I would like to send the following message to my Dutch lover. We usually communicate in English and I would like to impress him...

I wish you a fantastic birthday today . Words can not express how much I would love to be with you today ( and everyday ) ..
I hope you will enjoy today and I will see you soon.
Huge hugs and kisses

Thanks a lot!


----------



## HKK

Aww that's beautiful  Here goes:

Ik wens je een fantastische verjaardag. Ik kan niet onder woorden breng hoe graag ik vandaag (en alle andere dagen) bij jou zou zijn...
Ik hoop dat je van deze dag geniet. Tot binnenkort!
Dikke knuffel en kus

I think this sounds good but maybe a Dutch forumer will think of things that I didn't think of. After all there are a number of differences between my Belgian Dutch and your boyfriend's Netherlands Dutch.


----------



## Lotuselisa

It is never too late to say thank you...
We are getting married now


----------



## NewtonCircus

Do you already have an endearment?
Like "Knuffelbeer" for example.

Cheers Herman


----------



## kleintje2010

Gefeliciteerd! Such a sweet couple.

You can always say "Heel veel lieves en kussjes" at anytime


----------



## Frank06

Hi,

Welcome to the Dutch Forum!


kleintje2010 said:


> You can always say "Heel veel lieves en kussjes" at anytime


I'm terribly sorry, but I am afraid that we'll have to correct this phrase.
"Heel veel *liefs* en (vele) kusjes" is one possibility.

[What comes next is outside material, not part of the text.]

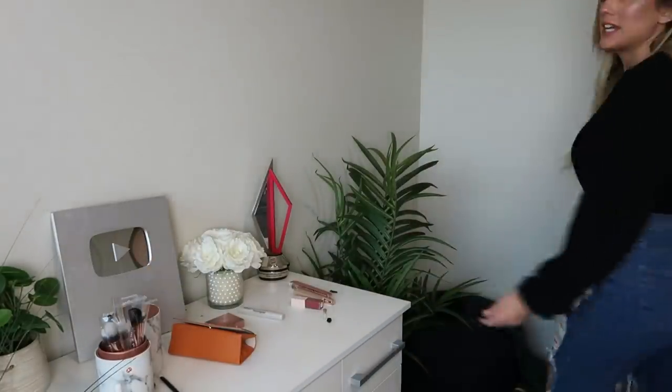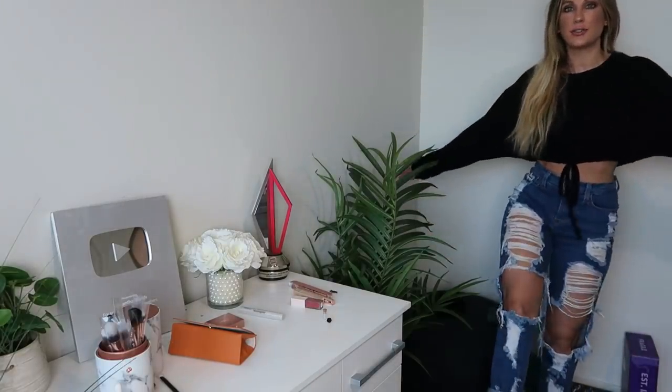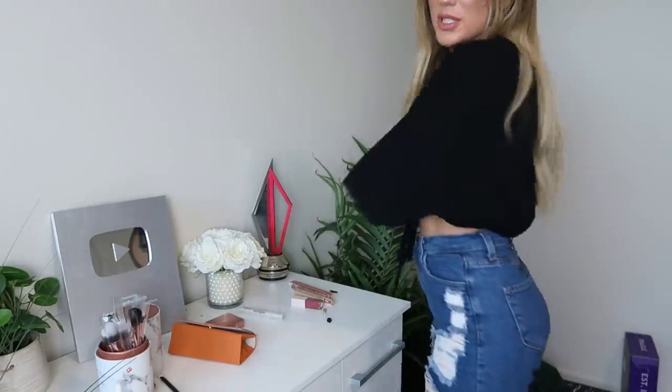Before I jump into the products, let me do my outfit of the day. Today we just have on some distressed jeans — these are from Laura's Boutique — and then this top here, which I believe is also from Laura's Boutique, just a black crop top. I've had this for years and I have it in several different colors. I will link all of my makeup down below.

After words as "veel" and "iets", adjectives (not followed by a noun) get an extra  -s at the end of the word. In speech this word final -s is sometimes omitted.

E.g. 
Veel lief*s*.
Wil je iets warm*s* drinken?

Groetjes,

Frank


----------



## kleintje2010

haha mooi!! Bedankt!
Thank you for the grammar lesson Frank. Very helpful.


----------